All of the data should be copied exactly, with the pictures left out.

● Supplied material:
★ ★ ★ ★

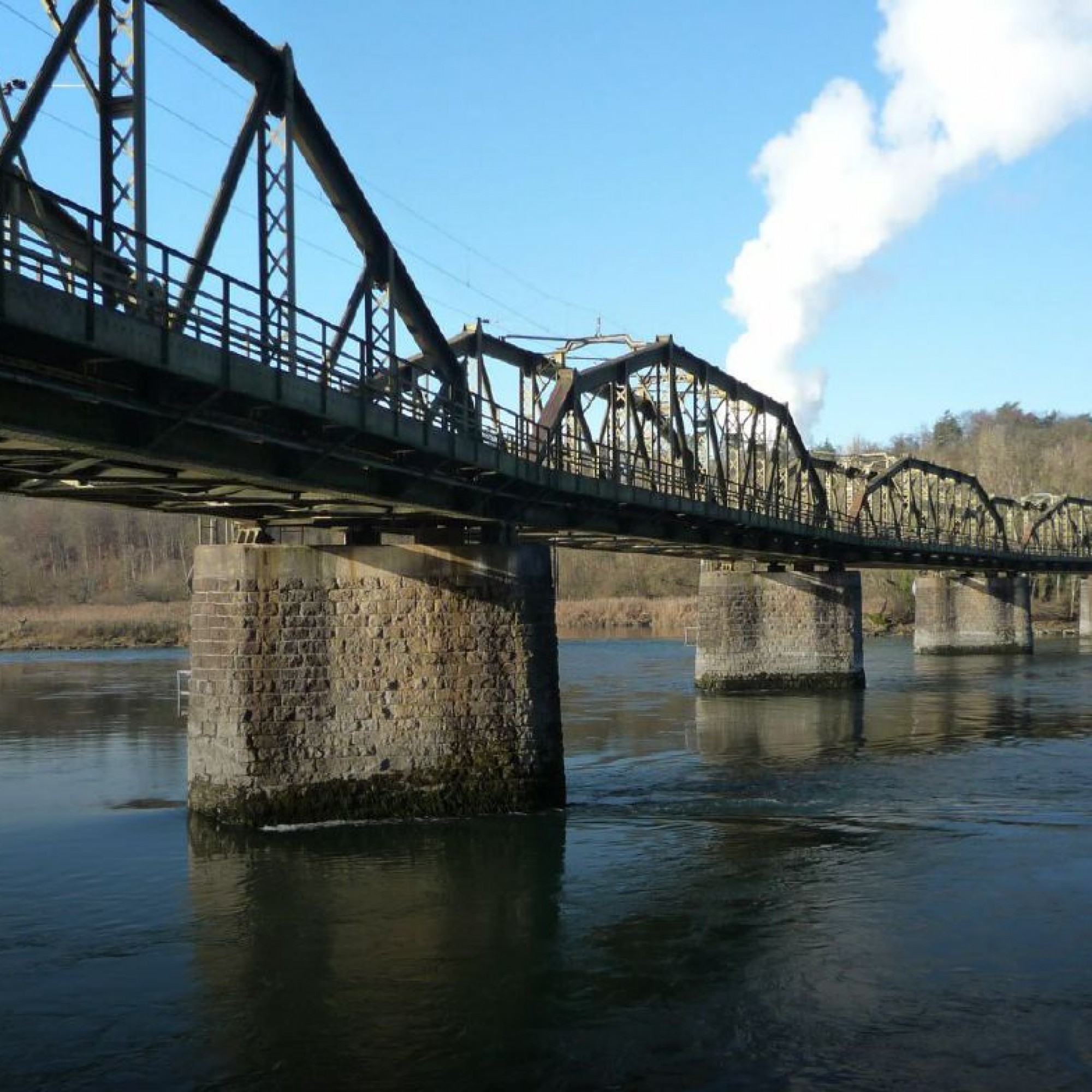 Die einspurige Bahnbrücke über die Aare zwischen den Stationen Koblenz und Felsenau ist 236 Meter lang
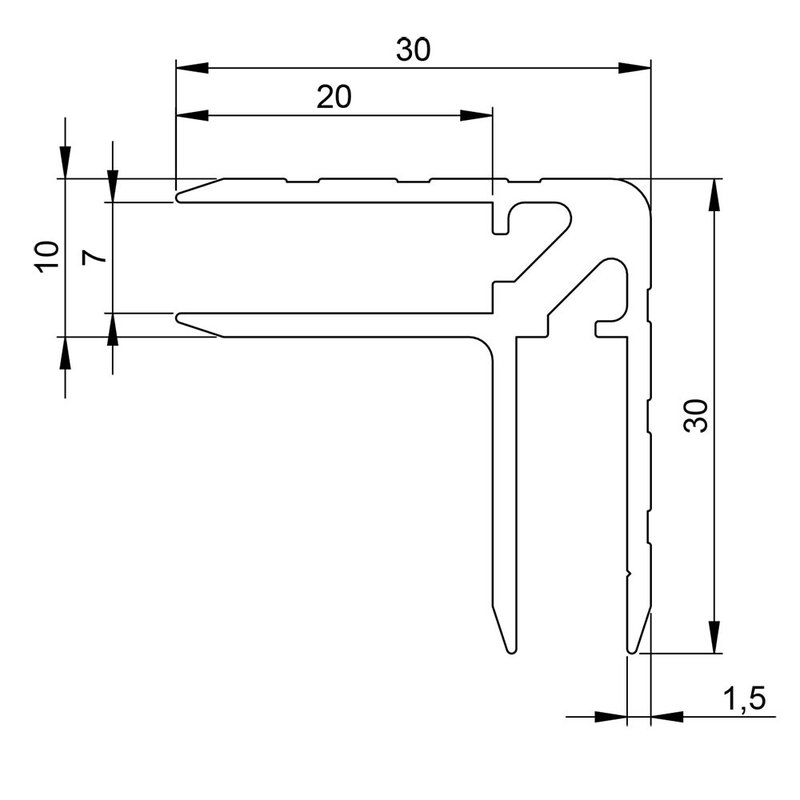 Aluminium casemaker hoekprofiel 7mm 30x30mm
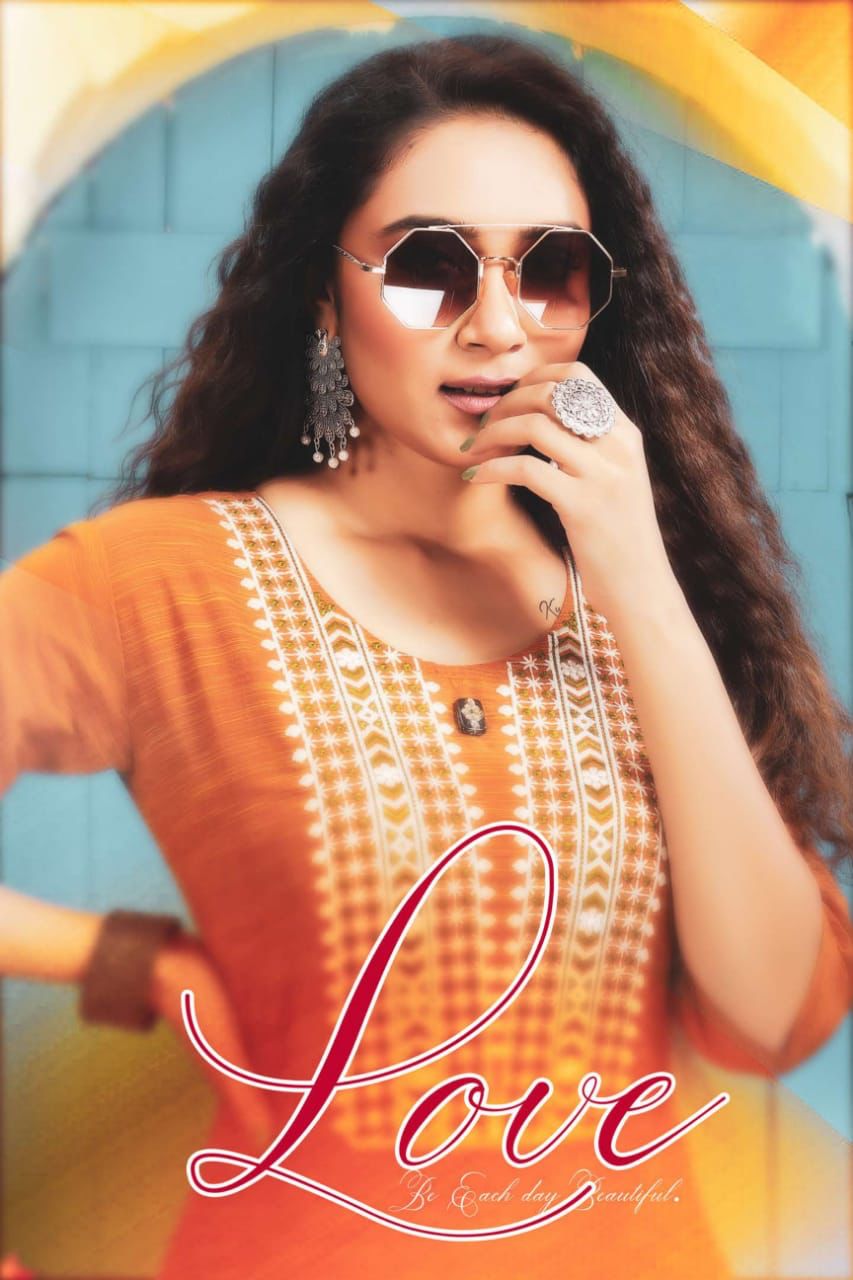 Love 101 Latest Ethnic Wear Heavy Cotton Embroidery Kurti Collection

★ ★ ★ ★

● Task solution:
 Die einspurige Bahnbrücke über die Aare zwischen den Stationen Koblenz und Felsenau ist 236 Meter lang
 Aluminium casemaker hoekprofiel 7mm 30x30mm
 Love 101 Latest Ethnic Wear Heavy Cotton Embroidery Kurti Collection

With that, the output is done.